Couldn’t agree more. Clever books would be a great series. The film was dreadful
It’s “which which adaptations,” not what.
AAAAAHHHH! Got you! 🙄😏😁
Seriously, great article. Spot-on! In fact, so good I was presumptuous enough to believe you may enjoy a bit of good-natured ribbing to keep us all humble.
For me, the worst book to movie adaptation was A Walk To Remember.
Sparks can be cheesy at times (what romance novelist isn’t?) but I always loved the story of Jaime and Landon in the book and the deeper meaning behind their experiences, such as the Christmas play that Jaime asks Landon to audition for.

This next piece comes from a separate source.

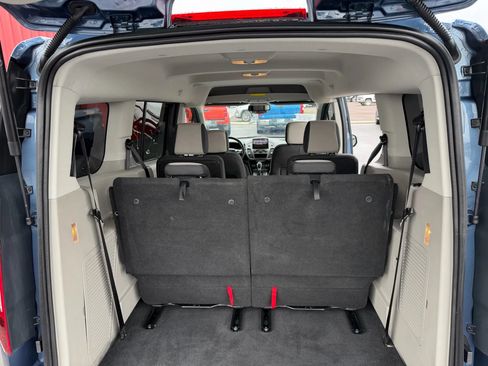 Used 2022 Ford Transit Connect XLT FWD image 15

To me, the movie makes everything bland and forgettable, not to mention it doesn’t show the progression of Jamie’s illness.
It’s one of the biggest reasons I have a problem with romance movies today.

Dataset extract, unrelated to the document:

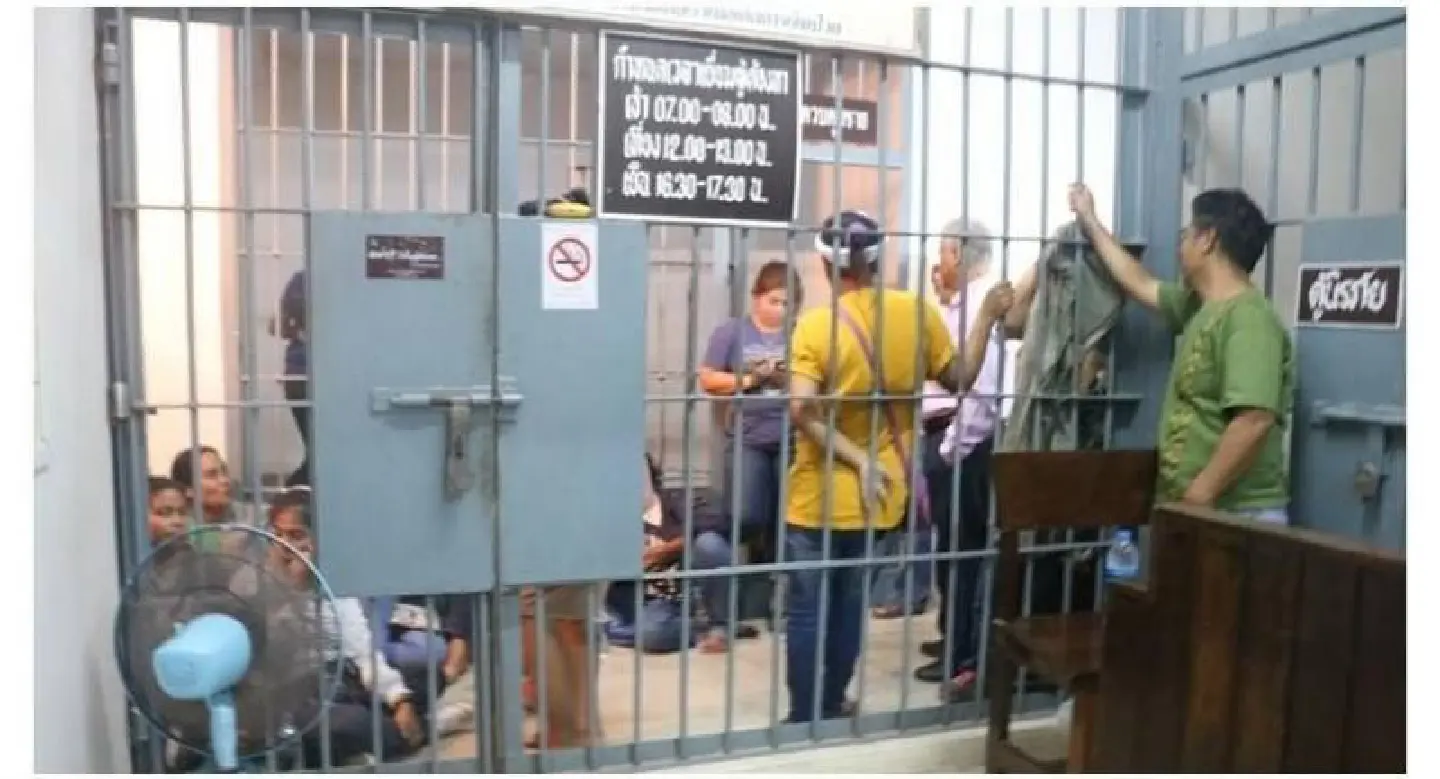 Soldiers shut gambling den, arrest 42 in Songkhla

The Cider House Rules left left out or changed some major plot points. They also didn’t explain why the doctor was addicted to ether. He had a painful condition, the origin of which must have been deemed too unsavory. Basically, they sanitized it by removing anything that could upset some viewers. As a result, not much happens in the movie. Also, the Horse Whisperer left out something that wouldn’t offend the vast majority of viewers. This resulted in an entirely different ending. The books ending wasn’t sad and no one died. Apparently the studio didn’t think the public would like the slight twist at the end of the book. It wasn’t a twist in the sense of being suspended. It was simply the kind of change that happens to people in real life.
ONE FOR THE MONEY. Evanovich writes the funniest bounty hunter and they ruined it with Kathrine Heigl because she was the It girl of the day??? And of course little Tom Cruise as Reacher???

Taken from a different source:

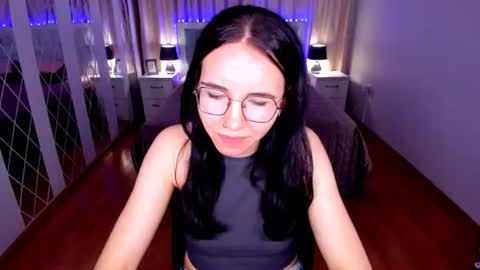 TriciaDaisy online show from June 2026 08:34:01 AM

Totally agree on both books and the casting!
For my money the worst was trying to make people think Cruise could be Jack Reacher…..have watched the new series and the guy playing Reacher is much more believable ….i couldnt watch the Cruise ones
Winter’s Tale by Mark Helprin.
Marvelous book.
Horrendous nonsensical movie.
Bonfire of the vanities, a page turner as a book, was a cannot watch as a movie.
The 1990’s version of The Scarlet Letter is, for my money, the worst adaptation of a classic novel. It was unintentionally funny and had an extremely different ending.
Noah Gordon’s the Physician. The movie was crap.
I disagree about the Hobbit series. Loved them all. On the list should have the Divergent series. One wasn’t too bad but the farther they went, the more they destroyed it.
Also , remember Congo?they left out the best parts of the book!
I would not say the hobbit trilogy was dreadful. I read it and I liked it better than the cartoon. Some books if you literally translate it to film will be 12 hours or more long if done page to page.
I’m surprised you didn’t mention World War Z. An absolute dumpster fire of a movie and a literal treasure trove of a book. The book could and should source a multi-episode mini series.
Bonfire of the Vanities. I win.
The School For Good And Evil and Artemis Fowl were such a massive disappointment! The characters are clearly described in the book, yet Disney and Netflix just did whatever they wanted! So much cringe!
One of the best series is INKHEART, INKSPELL, INKDEATH by Cornelia Funke.
The first was made into a wretched movie! Horrible!
Percy Jackson and the Olympians would definitely be high on that list. Even Rick Riordan himself has stated his dislike for the movies.
Starship Troopers. Such a waste on a great sci-fi book by Robert A. Heinlein. The director even claimed not to have read the book. I have not read the book The Puppet Masters (not to be confused with the killer dolls movie) but heard that movie also did a disservice to the book, also by Robert A Heinlein.
I would add Ella Enchanted. The film kept the book title and one plot point. Plot, characters, themes, settings, everything else was changed for the film.
The Bonfire of the Vanities film should have been thrown on the fire as well! 🔥
The Host should’ve been named, “Stephenie Meyer wrote a great book called The Host, but this is not it.”
The Divergent series by Veronica Roth. WTH?! The books are excellent, but the adaptations are so far off they aren’t even in the same time zone.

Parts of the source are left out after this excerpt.